- make sure that nmap, ifconfig & arping are installed and in your path
- run as root
tested on Ubuntu 11.10 64b
(actual ips obfuscated)
With more devices coming IPv6 ready out of the box, a shadow network is emerging that nobody is paying attention to.
There’s Joe sysadmin, configuring a tight firewall for this new server, default deny, very restrictive & all. This is great but did he realize that there is nothing in front of IPv6? We are used to setting up iptables, ipfw, et cetera. Unfortunately ip6tables & ip6fw too often get forgotten.
With IPv4, a device was manually configured or wasn’t configured until it got an address from DHCP. With IPv6 a device that is not manually configured will hop on the network with a link-local address and try to further discover its settings.

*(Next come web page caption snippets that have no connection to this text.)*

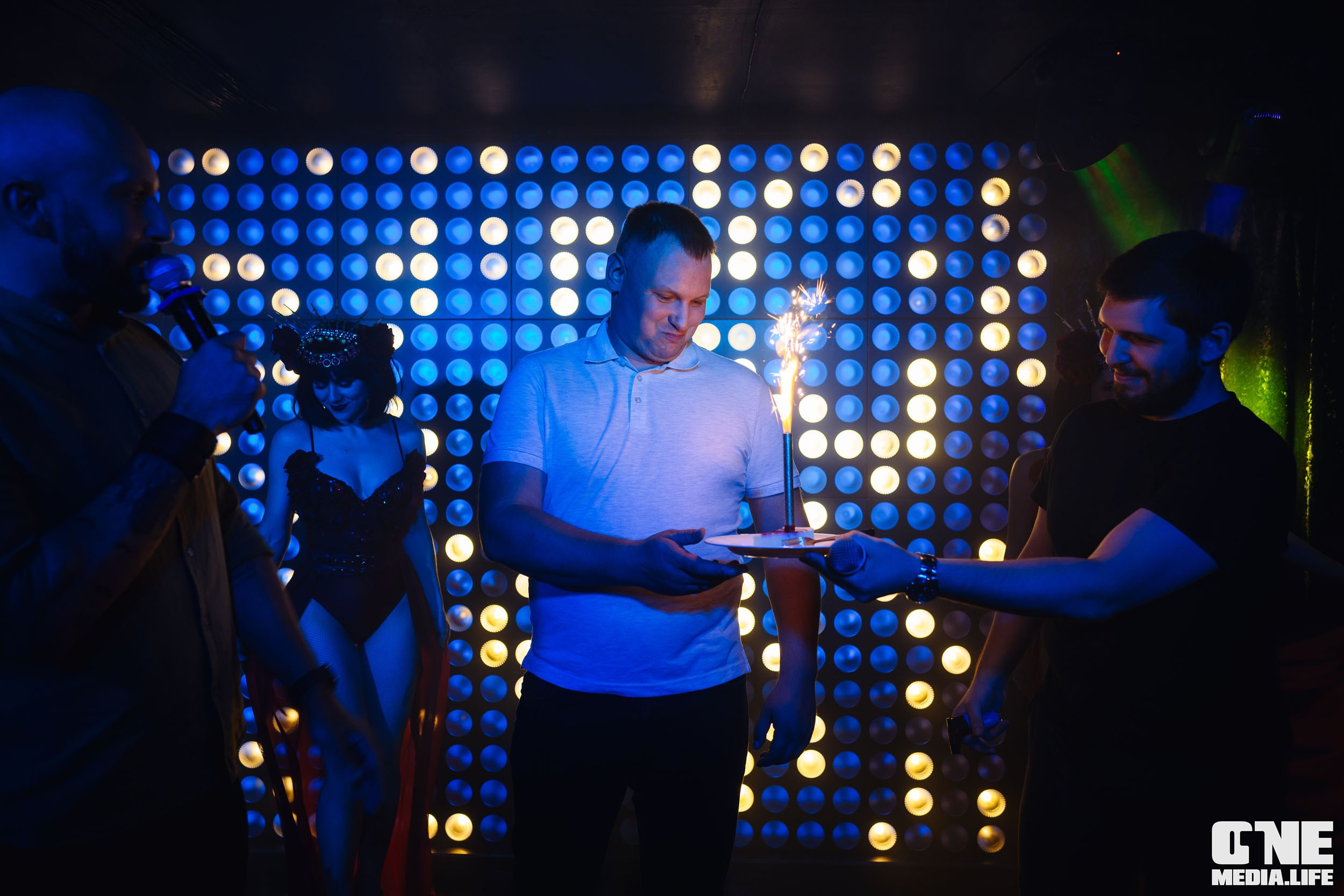 Фоторепортаж из караоке-клуба Эйфория. One Media Life: фоторепортажи, фотоотчеты с мероприятий и заведений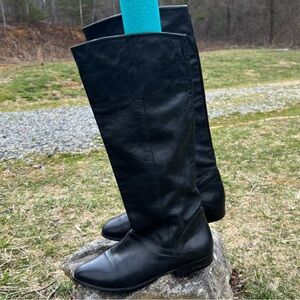 Elegant Black Knee-High Heeled Boots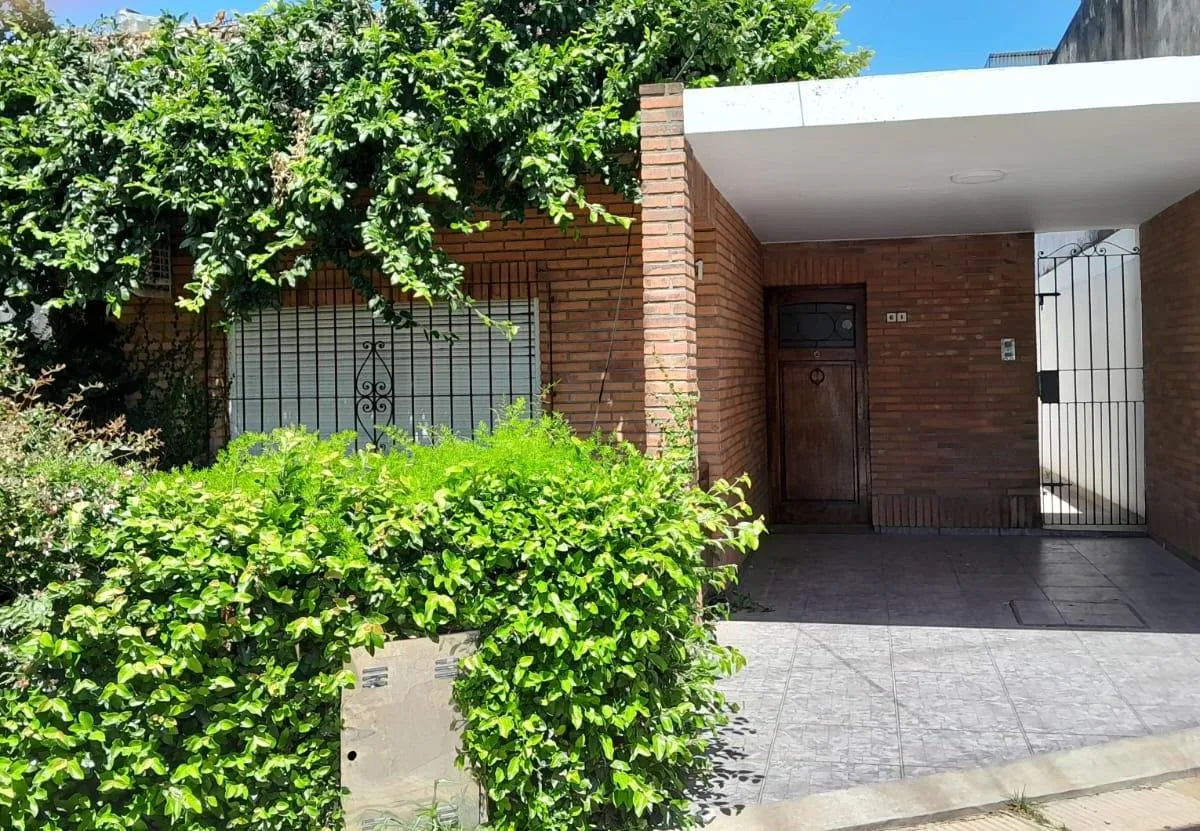 Дом с 5 спальнями в Ituzaingó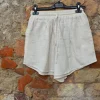 The TwoSisters Nomad Chic Collectie|Broeken-Mira Sol korte Broek Gebroken Wit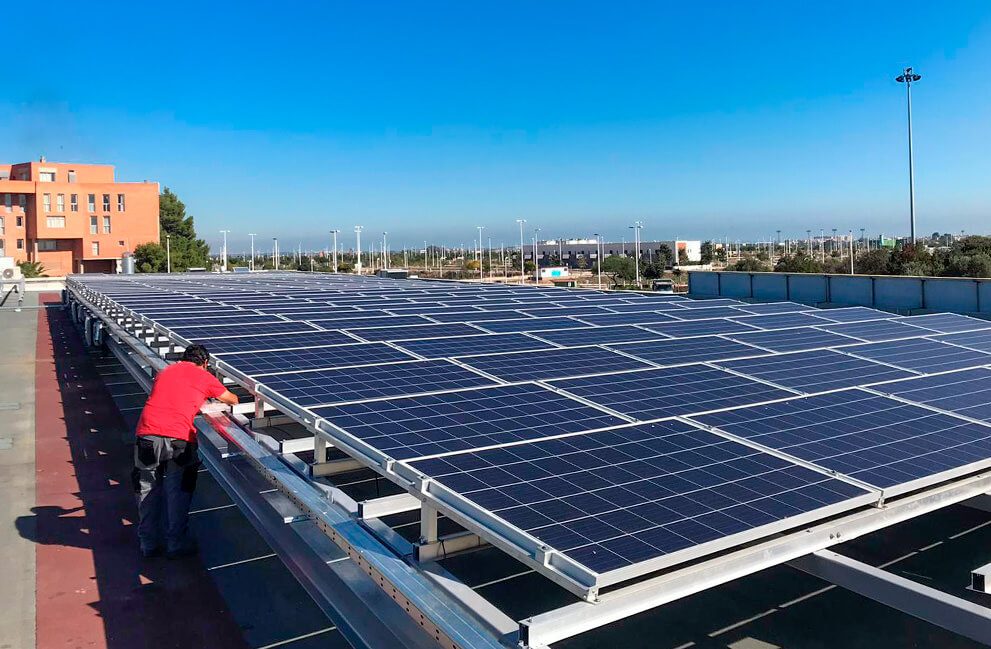 Instalación fotovoltaica en local comercial de Valencia 2
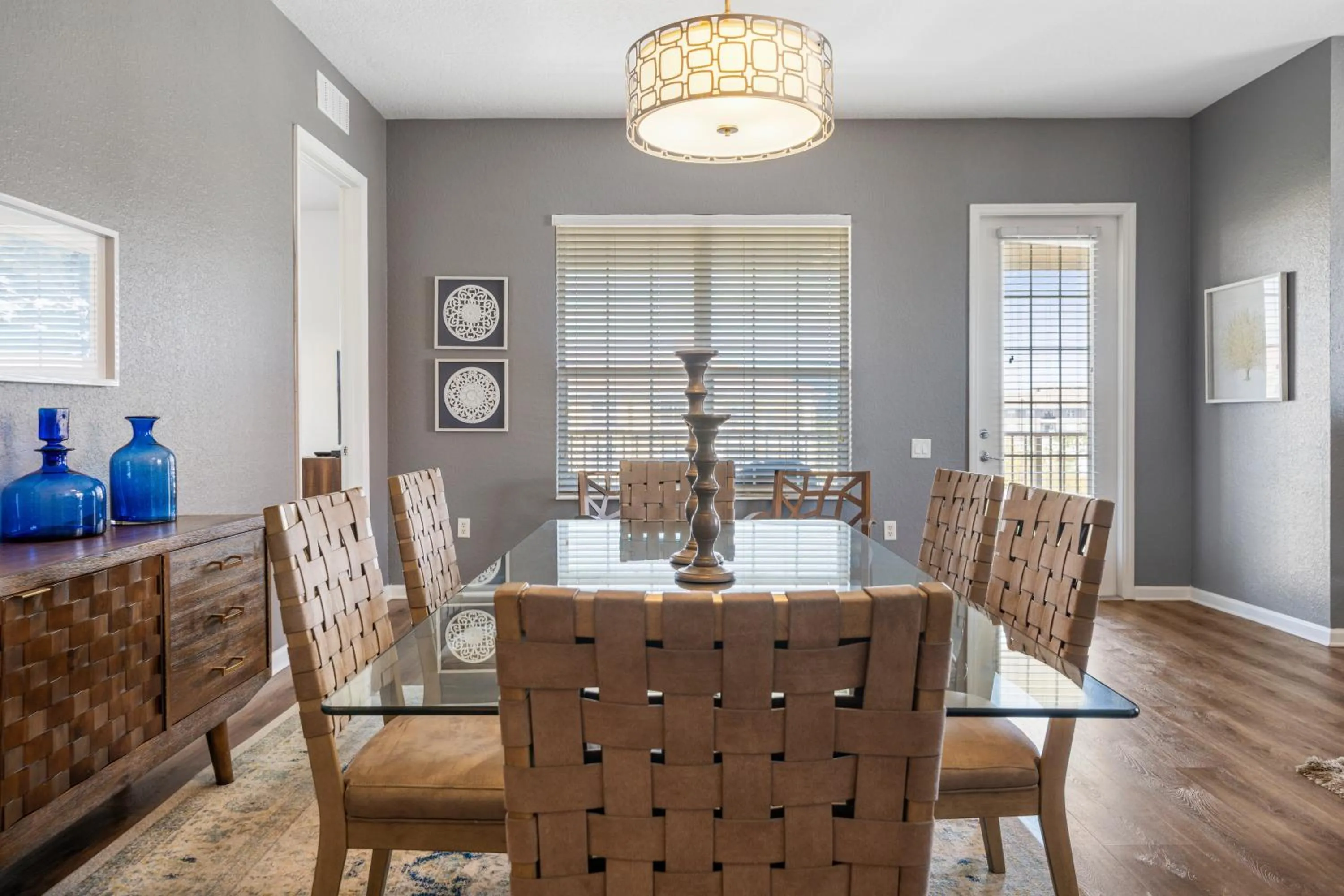 Dining area in Orlando Resort Rentals at Universal Boulevard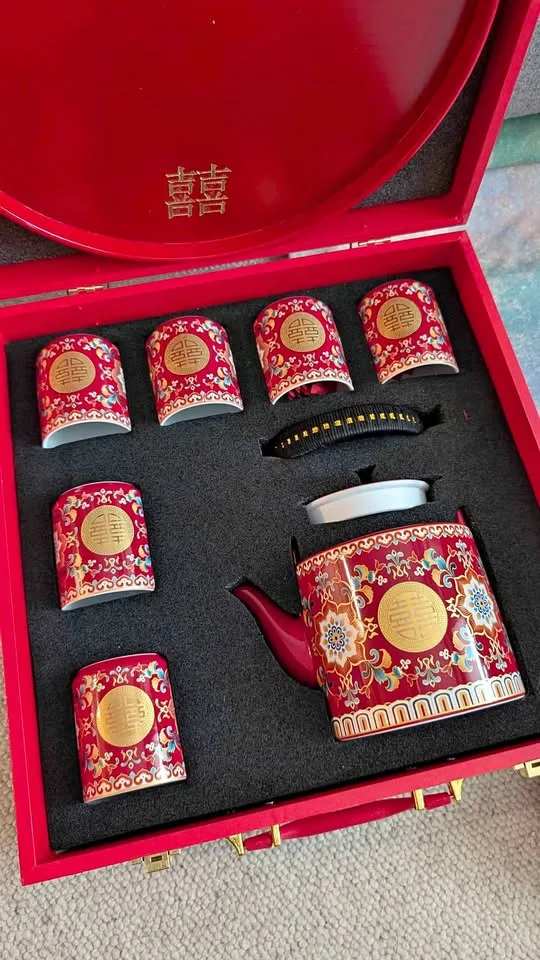 Chinese wedding tea ceremony set thumbnail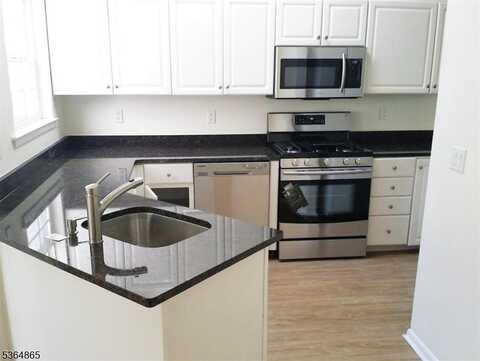 1310 Grandview Ct, Hanover Twp., NJ 07981
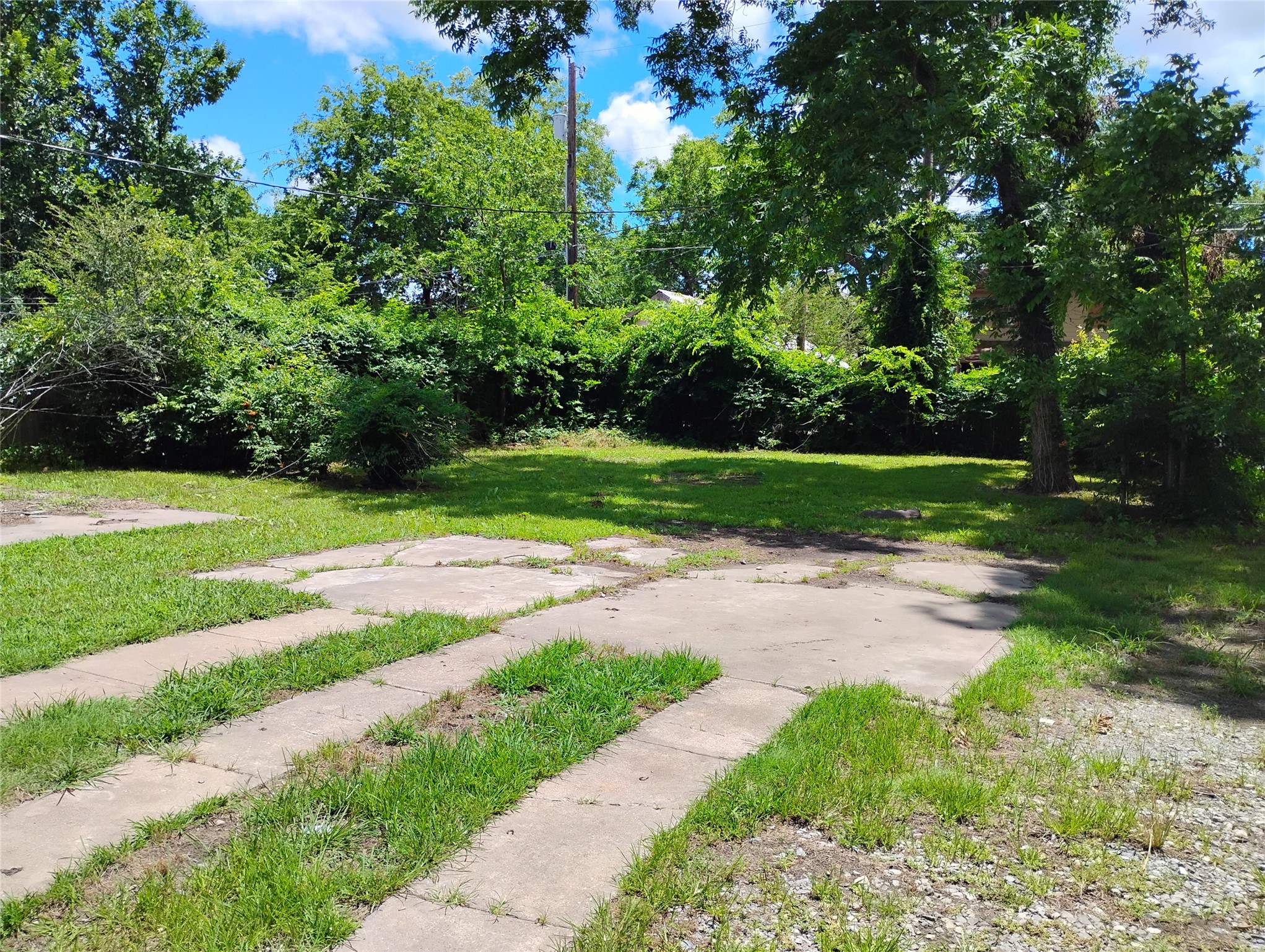 620 W Morton Street Denison TX 75020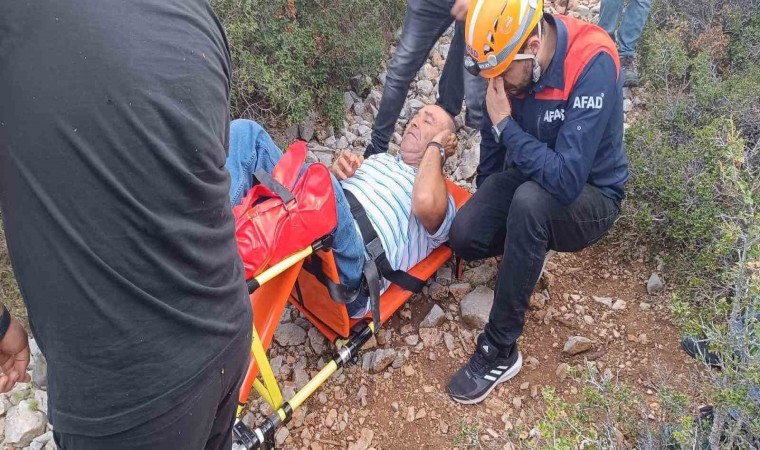 Yayladan dönerken düşerek yaralanan yaşlı adamı AFAD ekibi kurtardı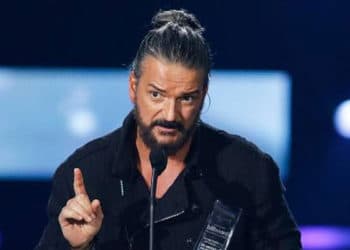 Ricardo Arjona demanda a firma de automóviles japonesa por alterar una de sus canciones
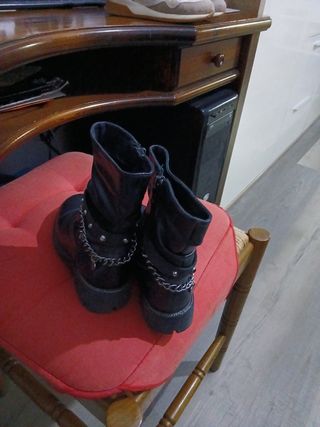 Stivaletti bimba neri con catena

In fact, IPv6 reserves a range of addresses for network discovery, these link-local addresses are based on the device’s mac address.
Here is what ipv6_surface_analyzer.py does:
- iterate through a given IPv4 range
- for each address in the range, discover if a host sits behind it
- port scan potentially found host on IPv4
- infer IPv6 link-local address of host based on its mac address
- port scan inferred IPv6 address
The purpose of which is to establish by how much your attack surface is augmented by link-local IPv6.
This threat threat is somewhat mitigated by its local nature and there are 2 reasons why:
- link-local isn’t routed and thus your visibility is bound to networks you have a presence on.
- Getting a host’s mac address is only possible while being on the same network.
Local as it may be, having a shadow network providing a way to circumvent firewalls is quite risky.